Aspects of Stellar Atmospheres and Star Formation

Sílvia Helena Paixão Alencar

Advisor: Luiz Paulo Ribeiro Vaz

Co-advisor: Gibor Basri

May 2000

Abstract: We initially investigate some processes that affect the stellar atmosphere, such as the gravity-brightening and limb-darkening, and the influence of the reflection effect on them. We study the gravity-brightening exponents using the Uppsala Model Atmospheres. In non-illuminated convective atmospheres the exponent value (beta=0.32) proposed by Lucy was confirmed only for T_eff close to 6500 K. The exponent depends upon T_eff, being rather insensitive to variations of the mixing-length parameter, the stellar mass and the use of grey or non-grey atmospheres. We demonstrate the influence of the mutual illumination in a close binary on the gravity-brightening exponent. The external illumination increases the value of beta, the larger the amount of incident flux the larger the value of the exponent. This effect is caused by the ``quenching'' of convection as the external illumination heats the surface layers of the illuminated star, bringing it closer to radiative equilibrium, where beta is close to unity.

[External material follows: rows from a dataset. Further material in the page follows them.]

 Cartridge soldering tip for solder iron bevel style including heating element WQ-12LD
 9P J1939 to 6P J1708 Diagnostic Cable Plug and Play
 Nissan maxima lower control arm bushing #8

We determine monochromatic, bolometric and passband-specific limb-darkening coefficients for illuminated atmospheres. Our results show that illuminated coefficients are significantly different from the non-illuminated ones. We test different methods to calculated the coefficients and showed that in the illuminated case the method proposed by Van Hamme is recommended in order to obtain coefficients that preserve the total emergent flux from the atmosphere.

In the second part of this work we study Classical T Tauri stars. We discuss the many processes acting in the forming star-disk system and test the predictions of magnetospheric accretion models. We present a spectral analysis of 30 T Tauri stars observed with the Hamilton echelle spectrograph over more than a decade. We discuss the relation between different line-forming regions and search for good accretion rate indicators. We confirm several important points of the models, such as the correlation between accretion and outflow, broad emission components that are mostly central or slightly blueshifted, and only the occasional presence of redshifted absorption. We also show, however, that the broad emission components supposedly formed in the magnetospheric accretion flow only partially support the models. Unlike the predictions, they are sometimes redshifted and are mostly found to be symmetric. The published theoretical profiles do not have a strong resemblance to our observed ones.

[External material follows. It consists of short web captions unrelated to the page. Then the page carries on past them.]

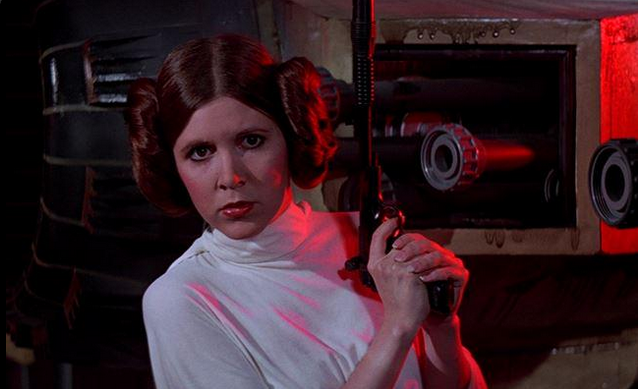 Filtran imagen de la Princesa Leia en nueva película de Star Wars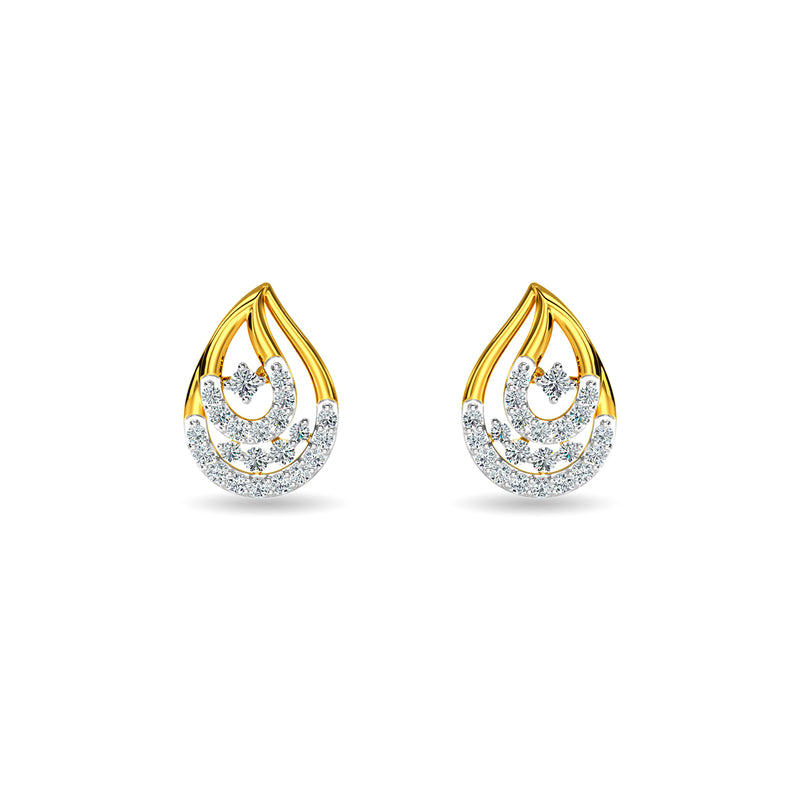 Laura Diamond Earring
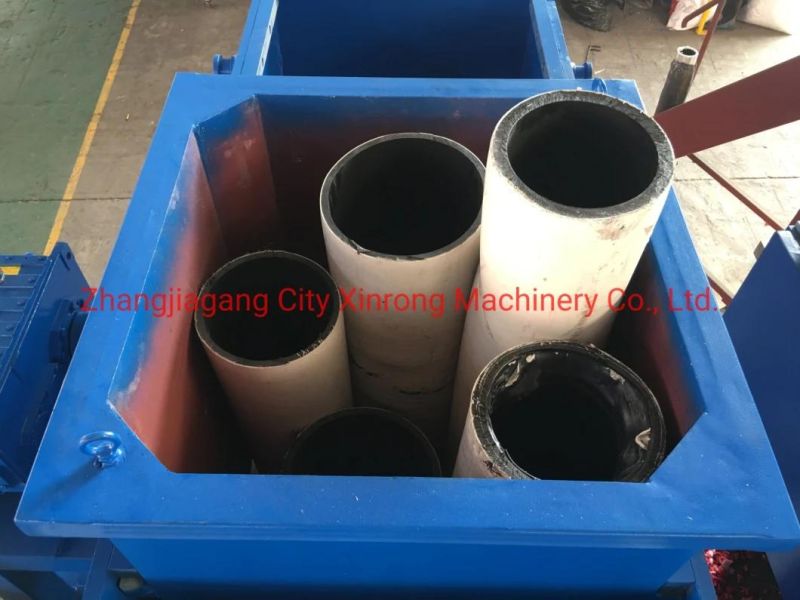 DN630 Pipe Shredder Machine/Plastic Pipe Shredder Machine/HDPE Plastic Pipe Shredder/Shredder Machine/Bigger Diameter Plastic Pipe Shredder Machine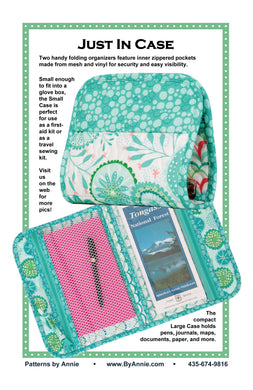 Just in Case, Patterns by Annie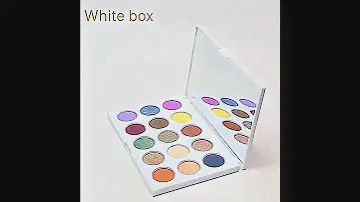 private label eye shadow palette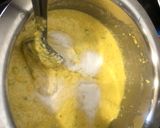 A picture of step 3 of Idli Dhokla.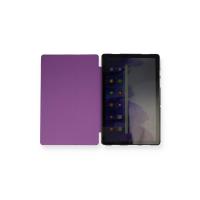 Newface Samsung Galaxy T870 Tab S7 11 Kılıf Tablet Smart Kılıf - Mor
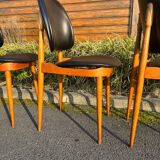 Set of 6 Baumann Pegasus chairs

We also present the analysis of 103 spectra of the Classical T Tauri star DR Tau. The star exhibits strong emission lines that show a wide variety and variability in profile shapes. These lines show both outflow and infall signatures which change on a variety of timescales. The system shows quasiperiodic variations in line intensities and position, but a unique period that describes all of the data could not be found. The Balmer line profiles are generally strongly peaked in the red, and do not resemble published theoretical magnetospheric accretion profiles. We suggest that the system is seen nearly pole-on. This can explain the highly asymmetric Balmer lines if the line emissivity increases strongly near the star. The Ca II and He I emission line components are found to be very symmetric and that they could be produced by magnetic turbulence.